All together, the Tribune conservatively estimated that hospitals typically get paid about 30 percent of what they bill.
The data indicate that charges from area hospitals rose significantly over the 7 1/2-year span.
Hospital charges in 2009 for patients admitted in Chicago totaled $41.6 million. In 2015, the last complete year of data, hospital charges added up to a combined $62 million. Many categories of charges contributed to that increase, including charges for operating rooms and anesthesiology, both of which more than doubled.
Back in 2009, gunshot inpatients in Chicago averaged about $57,963 in charges for their hospital stay. Through the first half of last year, inpatients racked up $93,647 on average in hospital charges.
Illinois' hospital charging data also indicate that inpatient stays grew longer, most likely a factor in the escalating charges.
For each year since 2009, the average length of stay in a Chicago hospital for victims of a firearm assault hovered at about a week. For similar inpatients treated in the first half of 2016, the length of stay grew to more than nine days on average.
The breakdown in the types of insurance used by hospital inpatients makes clear that the financial burden of the medical costs associated with gun violence often falls on taxpayers, not the victims.
Nearly half of the amount for treating inpatients after a firearm assault was billed to taxpayer-funded Medicaid and, less often, Medicare. Less than one-quarter of inpatients were insured through commercial insurance or HMOs, and others either were self-pay or insured in some other way.
The data are further confirmation of how skewed gun violence is along racial and socio-economic lines. Nearly two-thirds of the hospital inpatients treated for injuries suffered as a result of firearm assault were black males ages 15 to 44, the data showed.Sorry Chicago Tribune, but the data doesn't "show that the victims who bear the physical and emotional scars of being shot live mostly in economically depressed and racially segregated neighborhoods."

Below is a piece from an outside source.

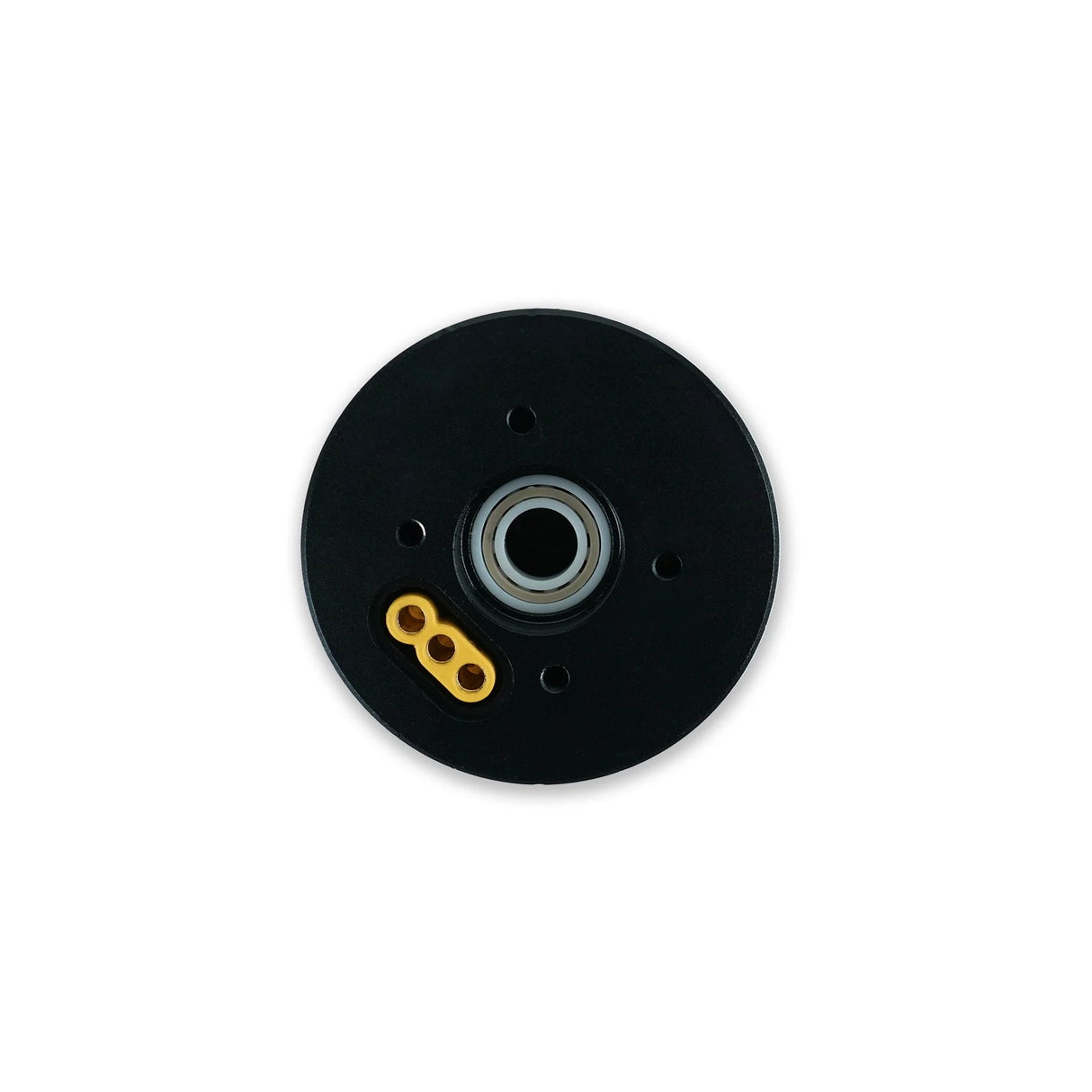 Foil Drive Standard v2 Stator Only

It shows gun violence is almost exclusively committed in areas devoid of white people, and that in areas devoid of nonwhites, there is almost no gun violence.

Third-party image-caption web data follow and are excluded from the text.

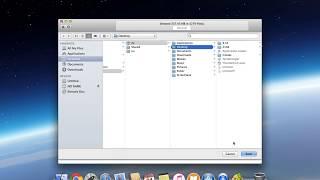 Completely Free Mac Data Recovery Software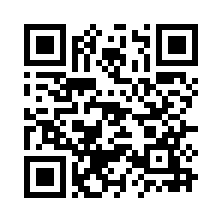 QR Code for 1eC8bkYwHm3rsJCMiaNMe6PTXvWbqGjSe
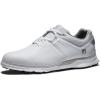 White/White/White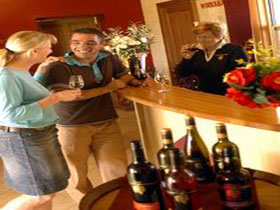 Remarkable View Wines - Winery Find 2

And yet, taxpayers (largely white taxpayers) shelled out "$447 million to treat some 12,000 documented victims of gun violence in the city [almost all black or brown people] between 2009 and mid-2016."

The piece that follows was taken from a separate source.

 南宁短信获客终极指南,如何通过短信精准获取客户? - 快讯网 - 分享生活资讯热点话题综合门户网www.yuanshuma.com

$447 million would pay for significant infrastructure improvements to the city of Chicago (making it a more attractive place for middle-class families), instead of being allocated to pay for the medical costs of nonwhites inability to stop shooting one another... all mind you, in the absence of white people.
This is just one city, a micro look at where nonwhite gun violence and the costs to medically care for nonfatal gunshot victims (as in Chicago, these are almost axiomatically nonwhite), are reaching fiduciary insanity.
Memphis, Baltimore, Washington D.C., Philadelphia, Atlanta, New Orleans, Detroit, Milwaukee... we are talking in the billions each year of taxpayer money misappropriated to pay for the folly of 2nd Amendment rights being extended to nonwhites.
Never mind many of these nonfatal shooting incidents in Chicago involve an illegal obtained gun - only showing how superfluous strict gun laws are in stopping the proliferation of firearms by criminals - because our founding fathers were quite explicit upon who 2nd Amendment rights protected.
Just consult the Naturalization Act of 1790.
In the meantime, keep paying your taxes: medical bills for nonwhite victims of nonwhite, nonfatal gun crime are piling up, up and up!